(Beginning of Recorded data)

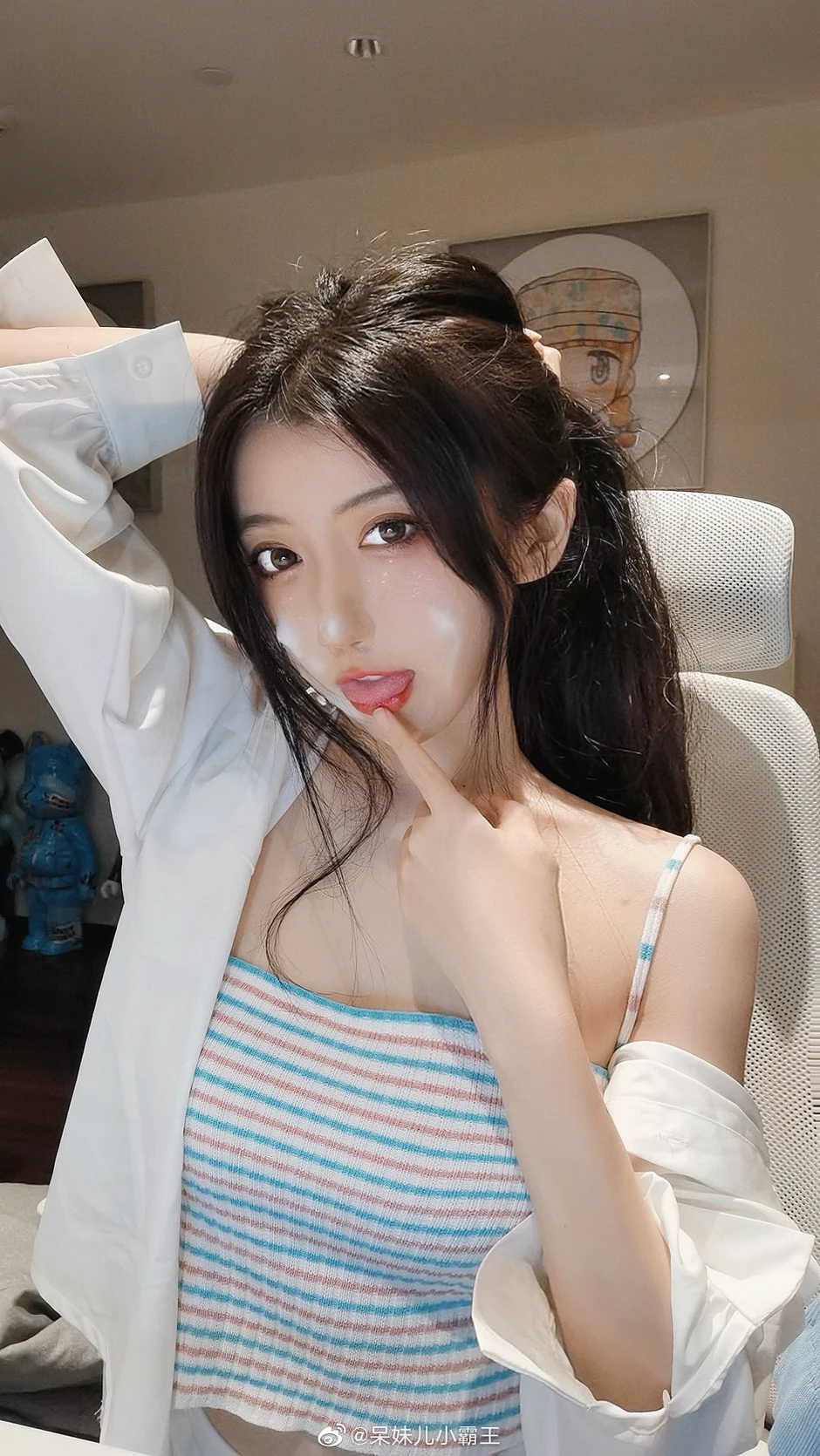 Đăng tải loạt ảnh mới, nữ streamer gợi cảm khiến fan thắc mắc tột độ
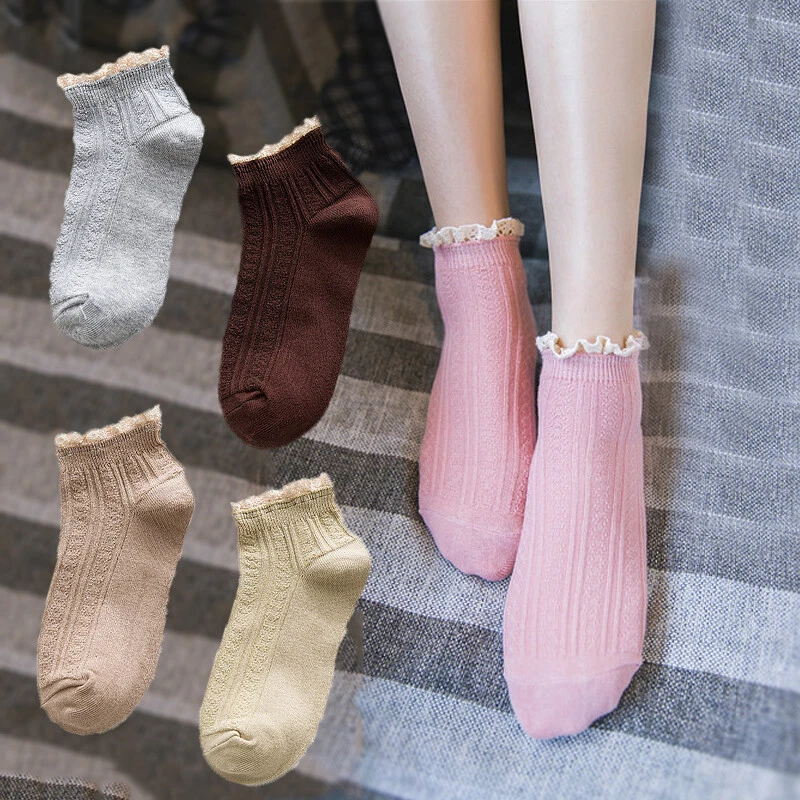 Womens best sale frilly socks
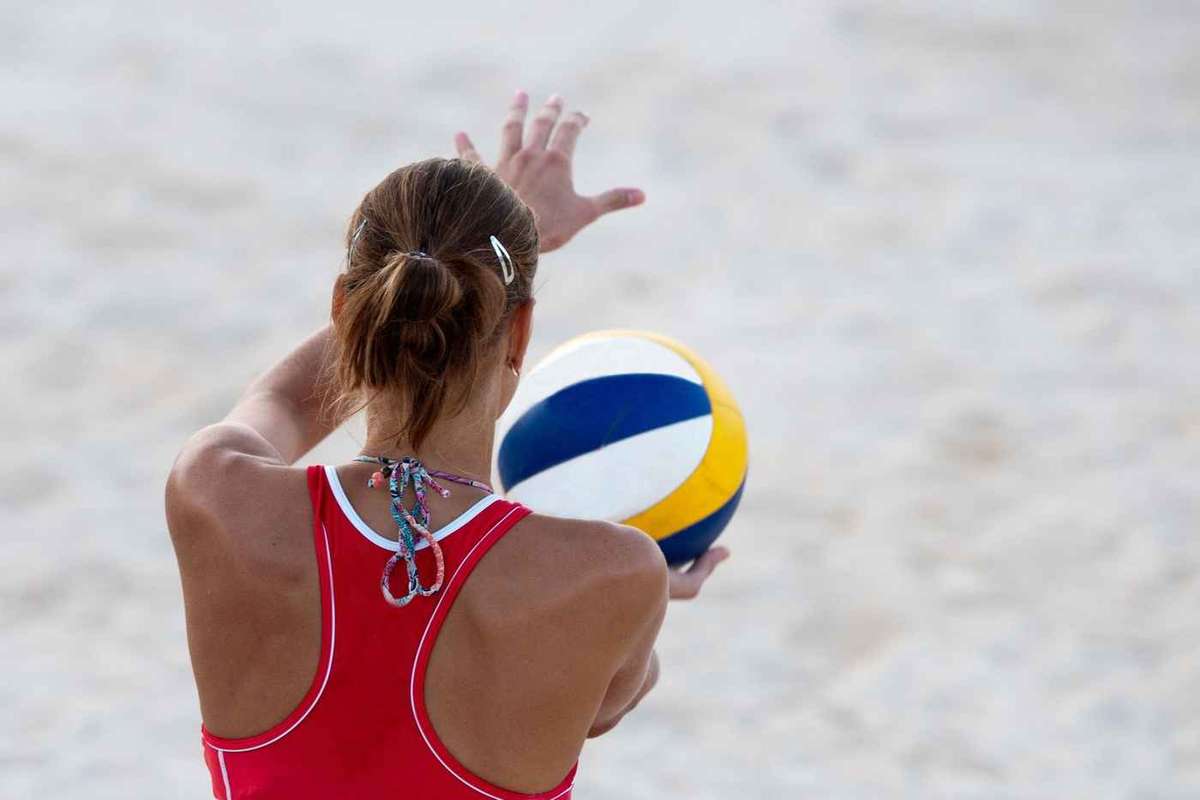 Prima Balcaniada de volei pe plaja pentru juniori Bucuresti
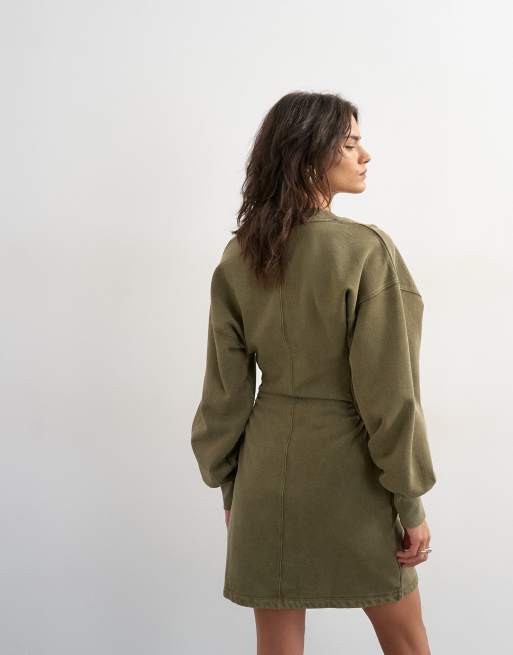 Topshop - Robe courte molletonnée à col V et taille cintrée - Kaki, 3 de 4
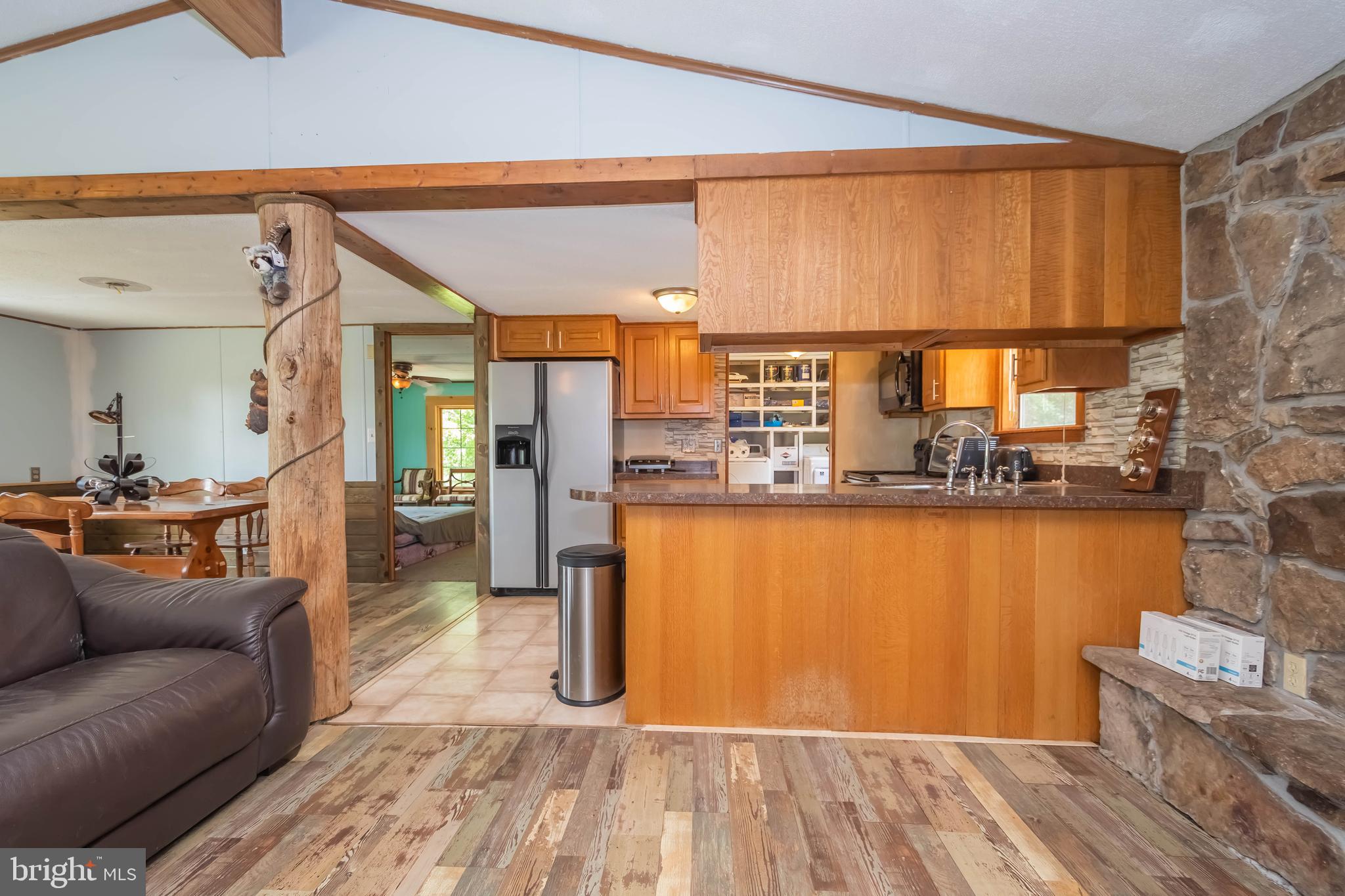 SANG RUN RD - Residential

(End of Recorded data)

Assignment:
The expected response is every entry above, repeated exactly, pictures removed.

Expected output:
 Đăng tải loạt ảnh mới, nữ streamer gợi cảm khiến fan thắc mắc tột độ
 Womens best sale frilly socks
 Prima Balcaniada de volei pe plaja pentru juniori Bucuresti
 Topshop - Robe courte molletonnée à col V et taille cintrée - Kaki, 3 de 4
 SANG RUN RD - Residential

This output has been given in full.